» Work item
Using the records that follow, reproduce exactly the lines starting at the line containing "Vintage Chinese Landscape" and ending at the line containing "SC license plate BGN635". Include both end lines and no pictures.

» Data shown
++++++++

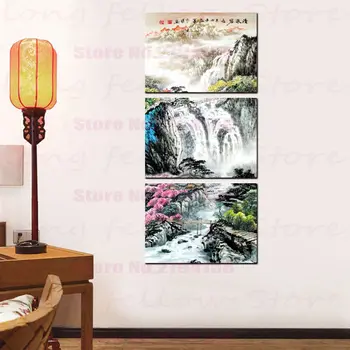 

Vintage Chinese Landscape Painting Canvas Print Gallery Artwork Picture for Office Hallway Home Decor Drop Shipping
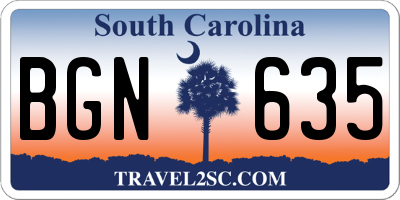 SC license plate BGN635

++++++++

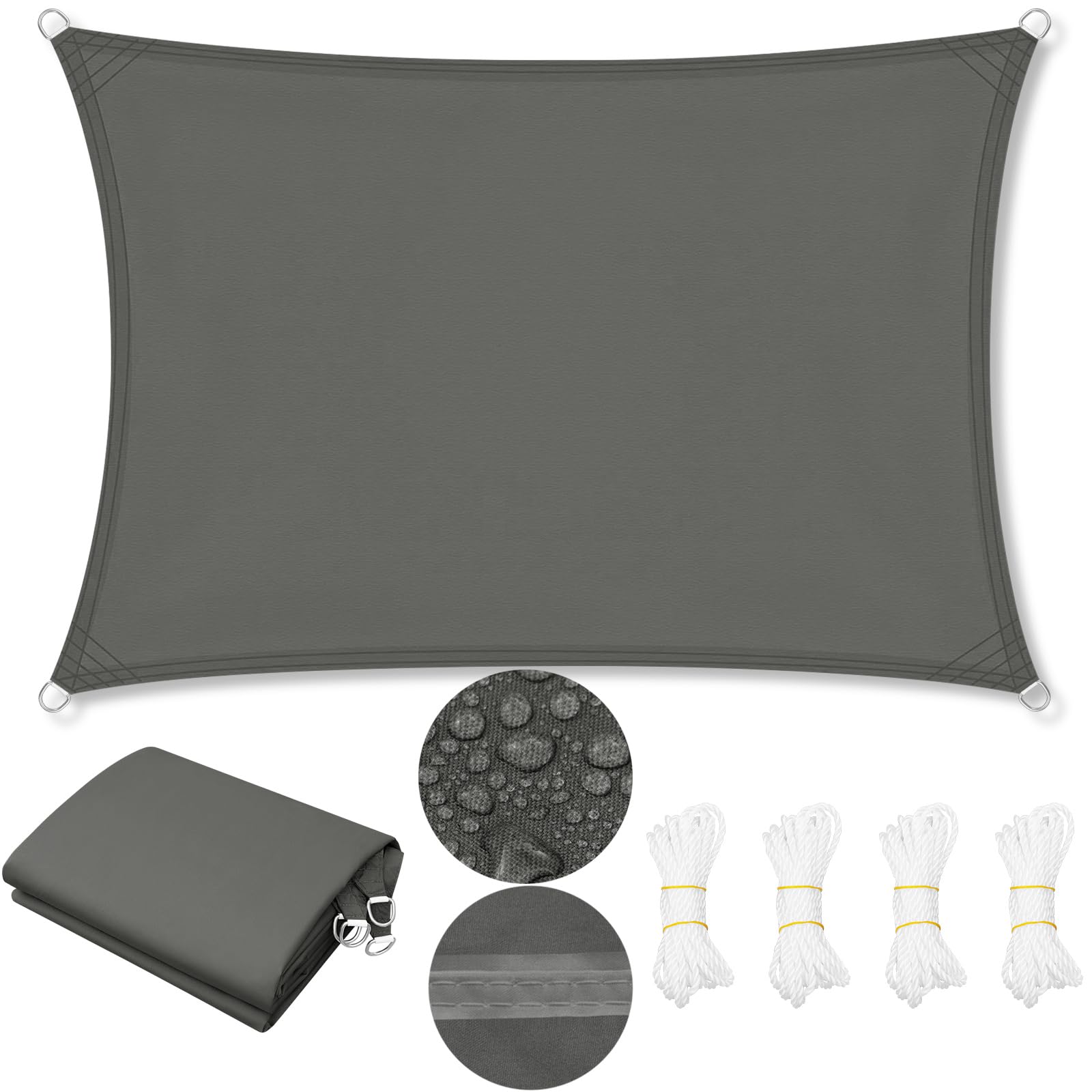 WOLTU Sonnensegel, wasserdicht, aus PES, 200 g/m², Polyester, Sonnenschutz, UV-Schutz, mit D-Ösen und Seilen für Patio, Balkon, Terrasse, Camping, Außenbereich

++++++++

» Answer
Vintage Chinese Landscape Painting Canvas Print Gallery Artwork Picture for Office Hallway Home Decor Drop Shipping
 SC license plate BGN635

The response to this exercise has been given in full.